I have no idea how to say anything in Tagalog except for mahal kita. My husband came to the US as a small boy and he can understand and anwer back in Tagalog when his mother speaks to him but he can't just say what something means. I want to learn some so I can communicate with my mother-in-law better and to maybe expose our son to it a little more. I have no idea at all where to begin. I look up verbs and other things but don't understand how exactly to make the verb go from one tense to another or one actor to another. I would love any help anyone has to offer me! Salamat!

Miranda


----------



## rockjon

http://www.seasite.niu.edu/Tagalog/tagalog_verbs.htm
https://learningtagalog.com/grammar/1_8_verbs.html

The second link is a good place to start since it covers verbal focus. Learning tagalog verbs isn't easy. There are several nuances and details that you have to learn.
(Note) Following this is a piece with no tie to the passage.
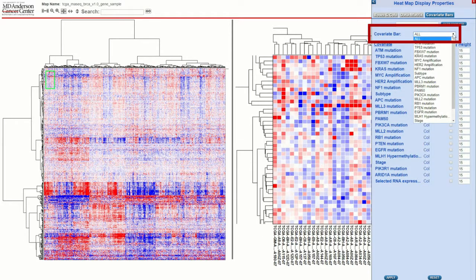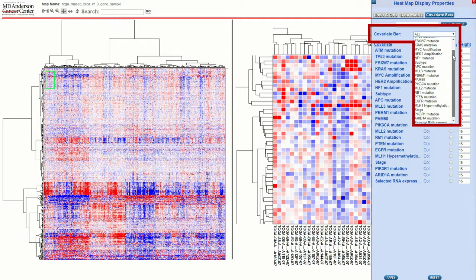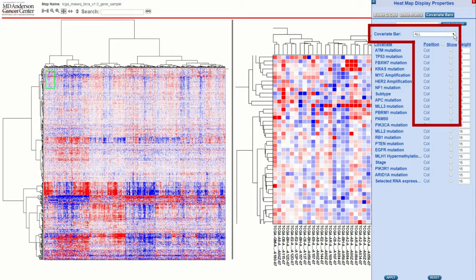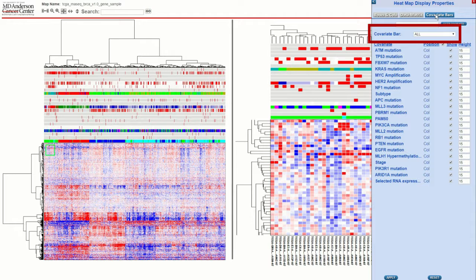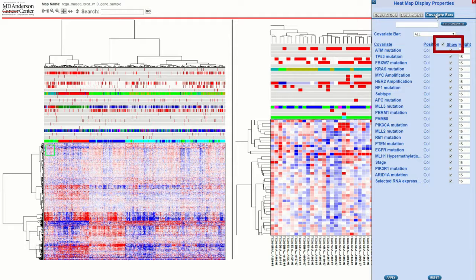On the next tab you have covariate bar information. At the top is a drop down called covariate bar. This drop down menu allows you to select a single covariate bar to configure. There is a special item in this menu called 'all' that will be selected by default. When all is selected, a list of all the covariate bars in the heatmap is displayed and you can select which covariates you wish to be displayed and adjust the height of those covariate bars. The checkbox to the left of the show column header can be used to hide or show all of the covariates.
For instance, something that most guides and books don't tell you is the meaning of the verb sometimes changes depending on the conjugation of verb.
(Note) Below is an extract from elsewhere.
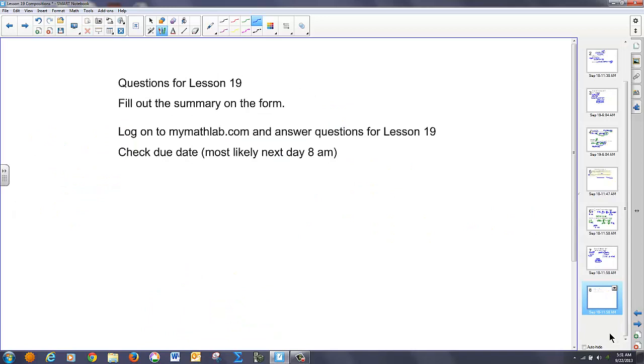And that's all we've got today. Do your MyMathLab and fill out the summary. We'll see you tomorrow.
Ex: Dumaan ako sa EDSA kasi masyadong ma-traffic sa C-5 pag a las tres.
I passed by EDSA because there's a lot traffic at C-5 if it's 3 o'clock.  
Marami akong pinagdaanan dahil sa kahirapan. 
I went through a lot things because of poverty.
Lumuwa ang mga mata ko sa kagandahan ni ems.
My eyes bulged at the beauty of ems.
Iniluwa ko yung butong pakwan.
I spit out the watermelon seed.  

Assuming that everything I wrote above is right since I'm not 100% sure myself, the meaning of verb changes due to the conjugation of the verb.  However, this isn't true for all verbs.  If you want to start learning verbs,  the best place to start is with commonly used verbs like punta (go), dala (bring), tulog (sleep).


----------



## Pinoy Tsinoy

Tagalog verbs are among the hairiest in the world.  I think you need to attend classes because self-study will take forever.  I am not underestimating your capabilities, though, so you can visit the sites mentioned above.  Also, constant practice and speaking with a native will surely increase your competence.


----------